Cela dit, le maire de Boucherville, Jean Martel, a expliqué en entrevue à TVRS que le rapport de l'AMP présente une erreur de fait. Il indique que la Ville ne s'est jamais engagée, dans son entente avec le Groupe Geyser, de lui accorder un 2,4 M$ de plus au contrat.
« On a posé la question au directeur général [de la Ville] ; " Est-ce qu'il y a des coûts supplémentaires pour le report ?" Parce qu'on se disait qu'il devait y en avoir. Le directeur général a parlé à l'entrepreneur, il a demandé " ça peut être quoi les coûts supplémentaires qui résulteraient ?" Il a réussi à ce que l'entrepreneur se lit avec un écrit. Il nous a confirmé par écrit, avec aucune condition, que le plus que ça pourrait atteindre c'est 2,4 millions. Mais nous, on ne s'est pas commis par résolution à l'accepter », déclare le maire. Ceci étant dit, le montant de 2,4 M$ ne serait qu'un estimé des coûts additionnels que la Ville pourrait devoir débourser à la fin des travaux en raison des imprévus du retard de l'échéancier.
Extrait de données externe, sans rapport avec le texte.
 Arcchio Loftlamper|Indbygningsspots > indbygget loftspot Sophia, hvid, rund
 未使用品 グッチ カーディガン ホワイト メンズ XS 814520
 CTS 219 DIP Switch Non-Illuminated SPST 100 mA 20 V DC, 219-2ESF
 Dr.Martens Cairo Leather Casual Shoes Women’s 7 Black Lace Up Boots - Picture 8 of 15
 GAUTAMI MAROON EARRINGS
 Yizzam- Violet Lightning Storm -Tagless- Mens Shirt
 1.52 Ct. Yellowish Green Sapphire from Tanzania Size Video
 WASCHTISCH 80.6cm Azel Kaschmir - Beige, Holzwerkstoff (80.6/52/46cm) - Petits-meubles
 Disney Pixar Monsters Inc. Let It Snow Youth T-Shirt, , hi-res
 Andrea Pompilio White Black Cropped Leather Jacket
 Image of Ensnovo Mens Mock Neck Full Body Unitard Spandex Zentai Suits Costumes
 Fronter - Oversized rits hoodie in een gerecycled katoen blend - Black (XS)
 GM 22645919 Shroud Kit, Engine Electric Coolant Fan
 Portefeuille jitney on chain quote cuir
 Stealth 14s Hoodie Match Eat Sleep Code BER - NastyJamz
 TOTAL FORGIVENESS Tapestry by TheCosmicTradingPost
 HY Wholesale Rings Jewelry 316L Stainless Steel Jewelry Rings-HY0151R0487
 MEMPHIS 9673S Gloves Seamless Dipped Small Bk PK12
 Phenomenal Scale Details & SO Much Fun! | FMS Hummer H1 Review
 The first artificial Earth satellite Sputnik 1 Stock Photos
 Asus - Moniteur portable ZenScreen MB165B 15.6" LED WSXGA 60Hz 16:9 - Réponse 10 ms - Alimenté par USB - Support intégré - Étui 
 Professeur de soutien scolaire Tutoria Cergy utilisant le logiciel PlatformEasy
Ce n'est donc pas un montant qui a été dépensé, et la Ville insiste sur le fait qu'elle possède toujours le droit de contester ces dépenses si elle le veut (ces dernières seraient d'un minimum de 1,6 M$).
Boucherville insiste donc sur le fait qu'elle n'a pas modifié le contrat, donc qu'elle n'a pas contrevenu à son cadre normatif, tel que l'AMP affirme dans son rapport. « Le contrat qu'on a octroyé, et c'est là qu'on est déçus de la décision de l'AMP, on l'a pas octroyé avec un montant de 2,4 millions de plus, comme ce que semble indiquer l'AMP. On l'a octroyé selon ce qui avait été initialement déposé, qui était la plus basse offre », dit M. Martel. Cela dit, la Ville envisage possiblement de contester la décision, et qu'elle révisera le tour avec ses procureurs, car une telle démarche implique des frais, et bien que Boucherville nie les faits décrits dans le rapport de l'AMP, elle n'a aucun problème avec les recommandations que celle-ci lui a envoyé.
Parmi ces recommandations, se trouvent la demande de mieux former son personnel sur le principe de l’égalité de traitement des soumissionnaires et de l’intégrité du processus d’adjudication, et de se doter de procédures efficaces et efficientes visant à assurer le respect de ces deux principes. Précisons que l'AMP ne donne pas de sanction à la Ville, et elle ne lui demande pas d’abroger le contrat avec le Groupe Geyser.
Jean Martel ajoute que les travaux du complexe multisport vont comme prévu, autant au niveau des coûts que de l'échéancier.